I’m a civically engaged, community-minded, almost-30-year-old law student, and I’m in near-perfect health. I walk at least 3 miles a day, maintain a healthy diet and even floss after every meal. While it pains me to read in Monday’s Press Herald that our nation is suffering from a severe shortage of blood products, I can only say, “Sorry, wish I could help.”
How could someone with these attributes – a healthy person who claims to care about their community and country – not step up to the plate and donate blood when it is so desperately needed?
The answer is simple: I’m not allowed to give blood in America because I am a gay man.
Under current Food and Drug Administration policy, gay men are categorically banned from giving blood if they have sex with another man even once in the preceding three months. It doesn’t matter if that person is our monogamous partner of 10 years, whether we use protection every time or whether we are fully aware of our partner’s sexual history. It doesn’t matter whether we take a highly effective daily HIV preventative drug, like I and so many other gay men do. It doesn’t even matter whether we get tested for sexually transmitted infections every three months, a requirement we must comply with to continue accessing the preventative drug.
Conversely, if a man has unprotected sex with dozens of women during the preceding three months and has never visited a doctor’s office for sexual health testing in his life, he’s still eligible to donate blood at any time. The same is true of women who have sex with men, women or both.
When donors give blood, according to the American Red Cross, every unit of blood is tested for any possible presence of HIV, hepatitis, syphilis and other blood-borne diseases. Why does the FDA ban gay male blood donors as a class, while others who engage in significantly higher-risk activity are still permitted to donate blood? I struggle to find a scientific reason.
In direct response to a COVID-19-related drop in blood donations in April 2020, the FDA lowered the eligibility requirements for prospective gay male blood donors, saying that gay men can donate blood as long as they commit to a mere three months of abstinence beforehand.
Admittedly, this current three-months-abstinence policy is an improvement over the FDA’s prior lifetime ban for gay male blood donors (the policy from 1977 to 2015) or its more recent policy requiring yearlong abstinence before donating (the policy from 2015 to 2020). But requiring three months of abstinence for gay men – and only gay men – is still an unnecessary and discriminatory ban based exclusively on sexual orientation.

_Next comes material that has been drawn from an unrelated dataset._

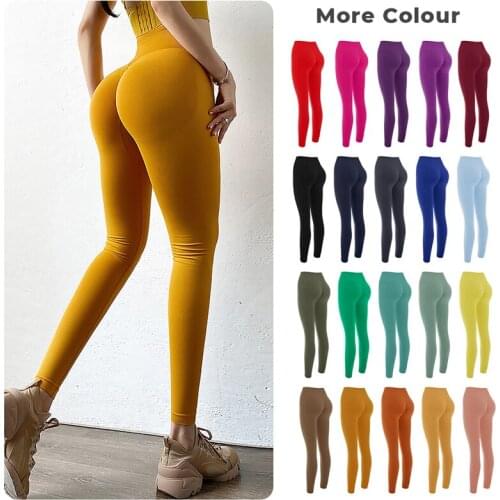 Women Leggings Push Up Leggings High Waist Pants Elastic Breathable Leggings Solid Color Tights Pants Outdoor Athletic Jeggings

If you prick us, do we not bleed?
The FDA’s current policy not only discriminates against gay men but also prevents any number of willing, healthy blood donors from volunteering to help address the nation’s dire need.
So, what’s the holdup in ending this discriminatory process for good? In December, the FDA announced a pilot study of at least a year to evaluate the possibility of using an individual risk assessment for each prospective donor in place of the current sexual orientation-based approach. The Red Cross supports this effort, affirming that eligibility for blood donors should not be determined by methods based on sexual orientation.
Based on the April 2020 policy change, the FDA is well aware that making gay men eligible to donate blood can help address the nation’s blood shortage. Do we really need a multi-year study to support an obvious, necessary and science-based policy change, particularly in light of the ongoing pandemic and blood shortage?